Lorentz symmetry in ghost-free massive gravity

TL;DR

This paper explores how Lorentz symmetry influences ghost-free massive gravity, analyzing solutions, stability, and gravitational wave properties, including deviations from Minkowski spacetime and their physical implications.

Contribution

It provides a comprehensive analysis of Lorentz symmetry breaking, stability of extrema, and gravitational wave polarization effects in ghost-free massive gravity.

Findings

Existence of Lorentz-invariant and breaking solutions.

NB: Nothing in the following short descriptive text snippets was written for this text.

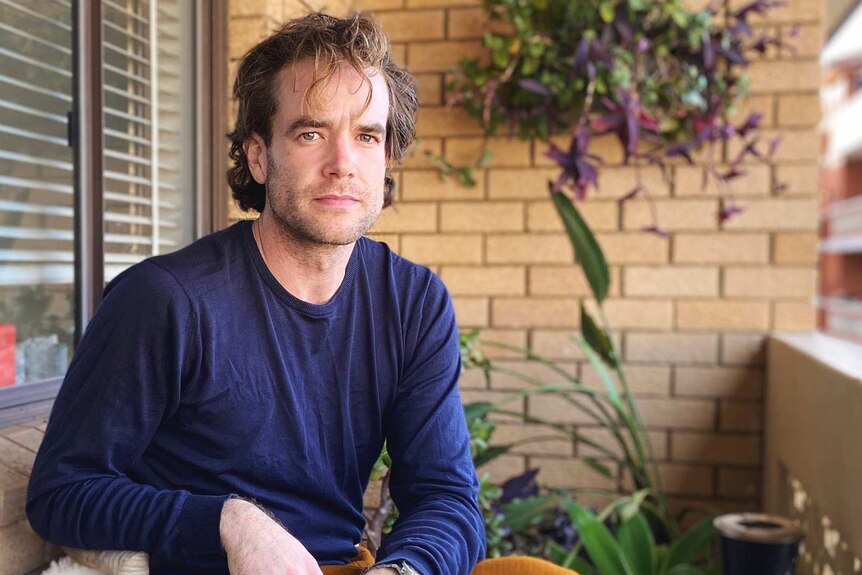Jonny Hawkins sits on a balcony of a flat, for a story about renting and the coronavirus.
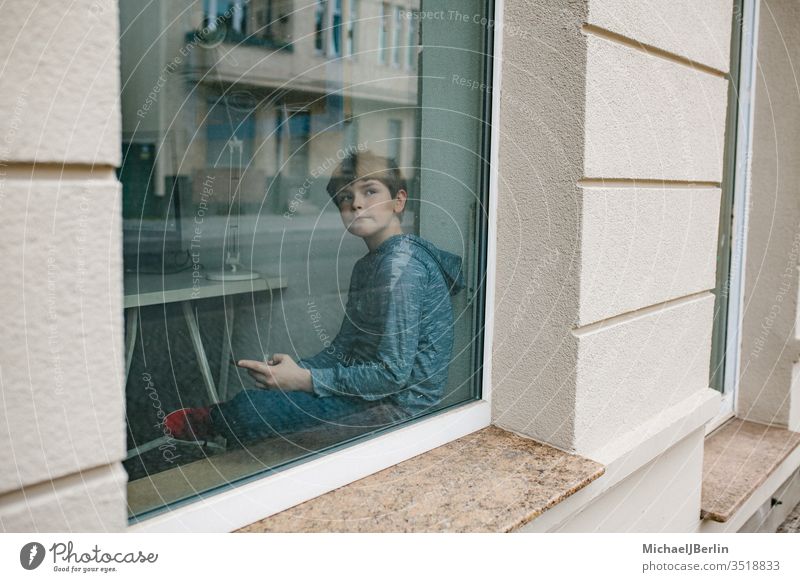 Junge sitzt einsam am Fenster und schaut auf sein Mobiltelefon während der Isolation in der Coronavirus-Epidemie Kind Einsamkeit selbstständig Fenstersims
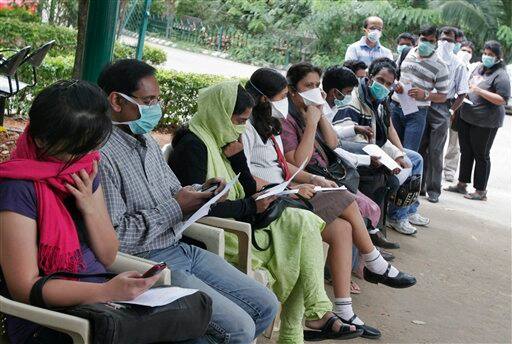 People wait to get themselves examined at a swine flu examination center at a government hospital in Bangalore, India, Monday, Aug. 10, 2009. According to media reports, two more people infected with swine flu have died, raising the country`s death toll from the virus to six.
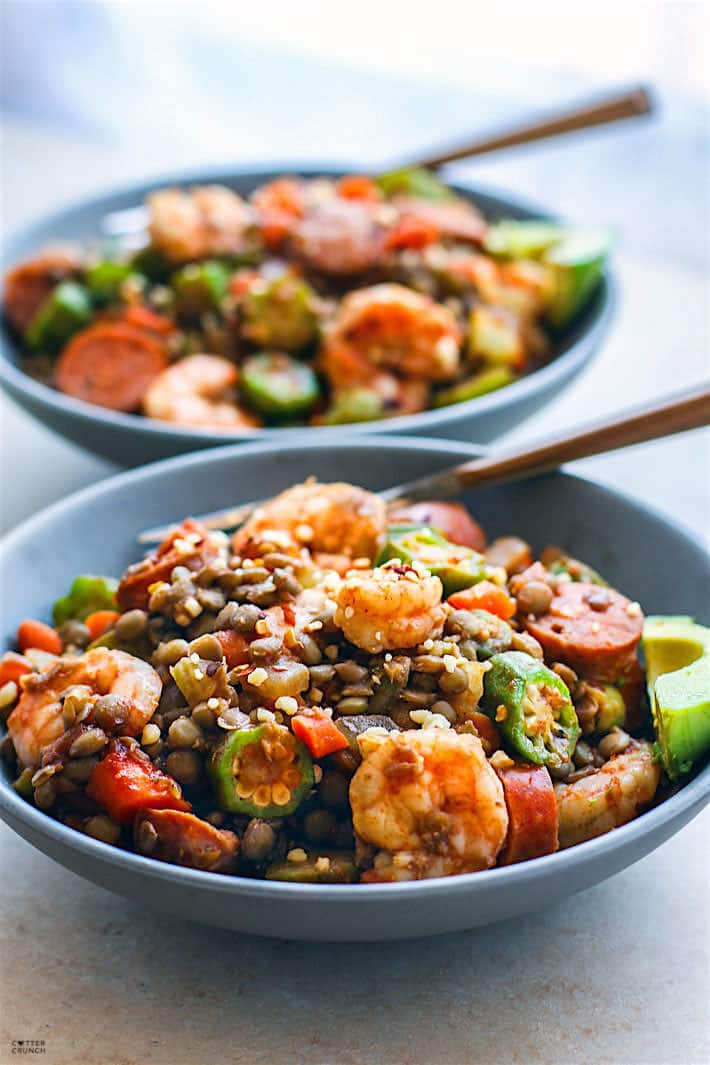 One Pot Shrimp Jambalaya Lentil Bowls! A grain free Healthy Southern Food Mash up! A fun and healthy twist on classic Jambalaya and shrimp gumbo combined together to make one amazing southern comfort bowl. Packed full of veggies, lentils, and protein. It's an easy one pot meal for a family, potlucks, or even to make ahead and freeze for later!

Stable extrema under certain parameters.

Pentarefringence and superluminal modes in gravitational waves.

Abstract

The role of Lorentz symmetry in ghost-free massive gravity is studied, emphasizing features emerging in approximately Minkowski spacetime. The static extrema and saddle points of the potential are determined and their Lorentz properties identified. Solutions preserving Lorentz invariance and ones breaking four of the six Lorentz generators are constructed. Locally, globally, and absolutely stable Lorentz-invariant extrema are found to exist for certain parameter ranges of the potential. Gravitational waves in the linearized theory are investigated. Deviations of the fiducial metric from the Minkowski metric are shown to lead to pentarefringence of the five wave polarizations, which can include superluminal modes and subluminal modes with negative energies in certain observer frames. The Newton limit of ghost-free massive gravity is explored. The propagator is constructed and used to obtain the gravitational potential energy between two point masses. The result extends the Fierz-Pauli limit to include corrections generically breaking both rotation and boost invariance.